■ **Activity**: Print exactly the lines from the one that contains "Redoxon Triple Acción" through the last line of the material, both included, and leave out all pictures.

** Opening Dataset section block **

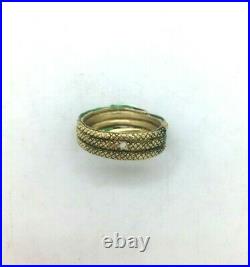 BAGUE ANCIENNE SERPENT ÉMAIL OR JAUNE 750/°°° Vintage snake Ring georgian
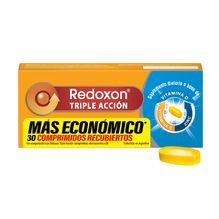 Redoxon Triple Acción Suplemento Vitamina C, D Zinc 30 Comp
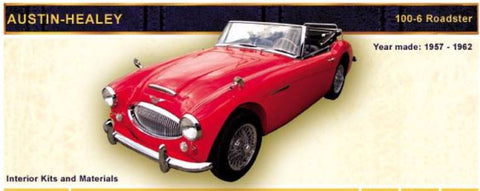 1957-1962 Austin Healy 100,6 and Roadster Front Seat Upholestery Kit - Vinyl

** Closing Dataset section block **

■ **Solution to the problem**:
 Redoxon Triple Acción Suplemento Vitamina C, D Zinc 30 Comp
 1957-1962 Austin Healy 100,6 and Roadster Front Seat Upholestery Kit - Vinyl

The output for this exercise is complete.